Effective method for multiplying plants such as: oregano, tarragon, and wormwood.
Multiplication by stakes
Stakes are fragments of stems, more or less lignified, which can be between 10 and 30 cm long. These stems are cut after the summer (in early autumn, for example), when pruned, and replanted in pots or in ideal conditions of multiplication (good humidity, lighting and pleasant temperature). During the winter they generate underground roots and from them you can get new plants that we can take to our garden.
Effective method for multiplying plants such as: basil, tarragon, lavender sage, rosemary or thyme.
Multiplication by stolons
The Runners they are like aerial stems (the ones we are used to seeing), but almost-underground. We can see them on the surface of the ground, creeping and stuck to the ground. Without burying them, they emit new roots and shoots, where from them we can obtain new plants. This is the case of mint, although it is also commonly done by division of plants.
Effective method for multiplying plants such as: mint (as a species) and tarragon.
Multiplication by bulbs
They are the underground organs of many plants, including medicinal or aromatic. There are different names to call the bulbs, such as tubers, tuberous roots, rhizomes, corms, etc.
A developed plant can produce several bulbs in the underground part. From there can occur the division or collection of these bulbs, whose conservation will ensure the production of new medicinal and aromatic plants in the future season.
Effective method for multiplying plants such as: saffron (and take advantage of all its properties) or ginger.
More appropriate multiplication of aromatic and medicinal plants
Savory (Satureja hortensis): multiplication through seeds, in spring or summer.
Wormwood (Artemisia absinthium L.): division of plants through Cuttings, in spring or summer.
Basil (Oncimum basilicum L.): obtaining new plants through seeds, in late summer or early autumn.
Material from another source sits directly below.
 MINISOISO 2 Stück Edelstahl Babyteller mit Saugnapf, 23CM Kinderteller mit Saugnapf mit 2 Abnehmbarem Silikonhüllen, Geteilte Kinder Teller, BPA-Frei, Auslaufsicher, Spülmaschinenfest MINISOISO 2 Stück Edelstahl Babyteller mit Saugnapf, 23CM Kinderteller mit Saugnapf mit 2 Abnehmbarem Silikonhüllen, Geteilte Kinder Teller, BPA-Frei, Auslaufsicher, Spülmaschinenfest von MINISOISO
Anise (Pimpinella anisum L.): multiplication by seeds, in spring or late summer.
Cumin (Cuminum cyminum L.): multiplication through seeds, in spring or summer.
Coriander (Coriander sativum L.): seeds, in spring (March and April).
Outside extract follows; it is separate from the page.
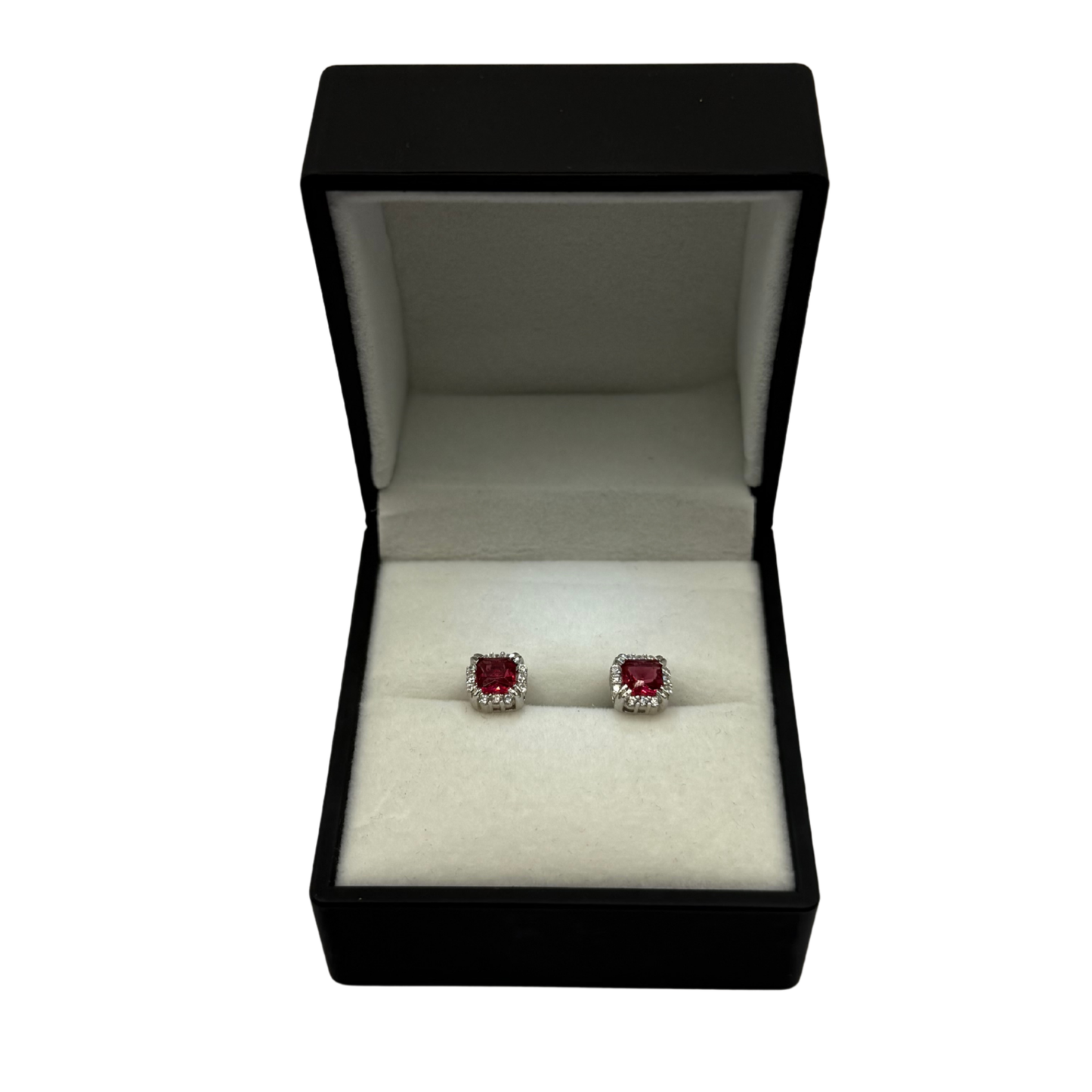 RED CZ DIAMOND SQUARE EARRINGS Oppulence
Dill (Anethum graveolens L.): obtaining plants through seeds. in early summer.
Fennel (Foeniculum vulgare Mill.): seeds, from late spring to late summer.
Hyssop (Hyssopus officinalis L. ): seeds, division of bushes or stakes, in spring or summer.
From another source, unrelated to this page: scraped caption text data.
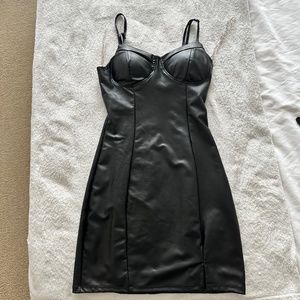 Black faux leather mini dress
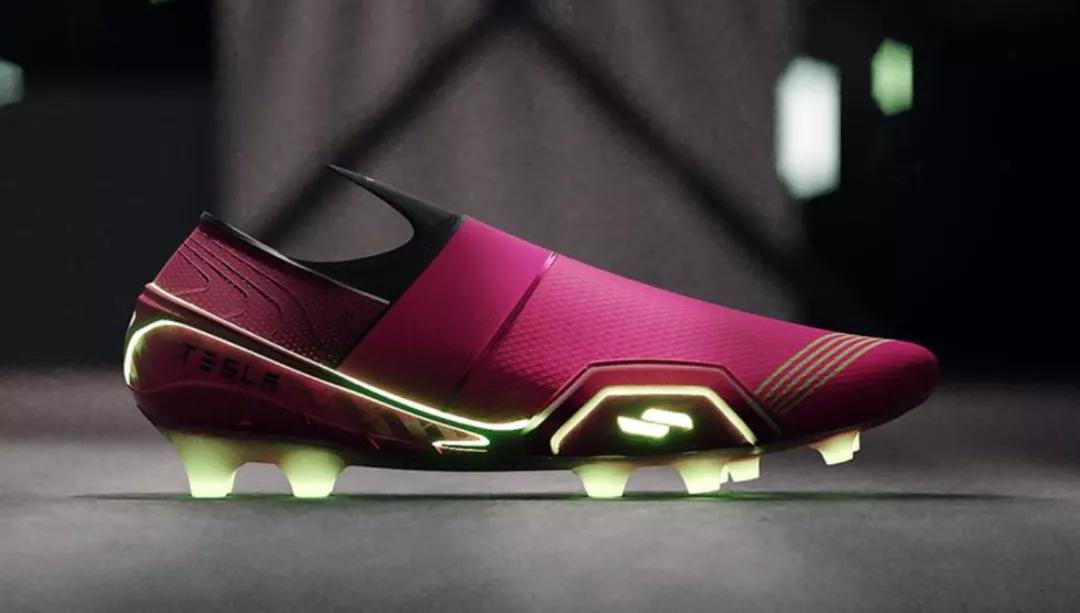 科技感特斯拉发光运动鞋,特斯拉创意足球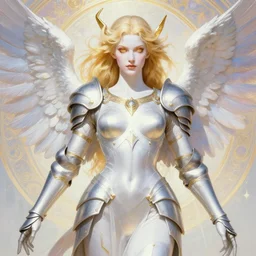 pin - up poster of a valkyrie, skintight heavy armor, wings, heroic, celestial - themed, white skin, golden hair, golden eyes, dnd, highly detailed, two arms, detailed face, smooth, sharp focus, pastel painting, by artgerm and greg rutkowski and alphonse mucha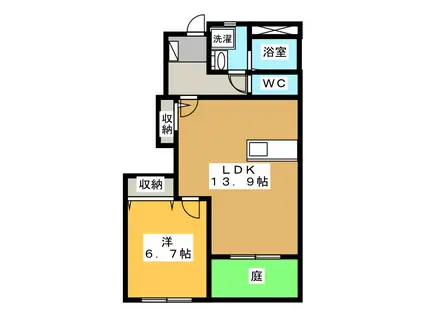 グリーンベル日吉(1LDK/1階)の間取り写真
Ginger (Zingiber officinalis Ross.): through the bulbs, in late September and early autumn.
Lavender (Lavandula officinalis): multiplication through cuttings, from spring to late summer.
Pink mauve (Pelargonium graveolens): obtaining new plants by stakes or through seeds, in spring and early summer.
Chamomile (Chamomilla L.): seeds, planted between June and September.
Lemon balm (Melissa officinalis L.): division through seeds or bushes. It can be done in spring.
English mint (Mentha piperita L.): division through stolons and rhizomes, in spring or summer.
Common yarrow (Achillea millefolium L.): obtaining plants through division of bushes, in spring, summer and autumn.
Oregano (Origanum vulgare L.): division of bushes, between spring and autumn (beginnings).
Rosemary (Rosmarinus officinalis L.): division of bushes or stakes, from spring to early autumn.
Sage (Salvia officinalis L.): obtaining new plants through cuttings or division of bushes, in summer or early autumn.
Thyme (Thymus vulgaris L.): various options, seeds, division of bushes or cuttings, in spring and summer.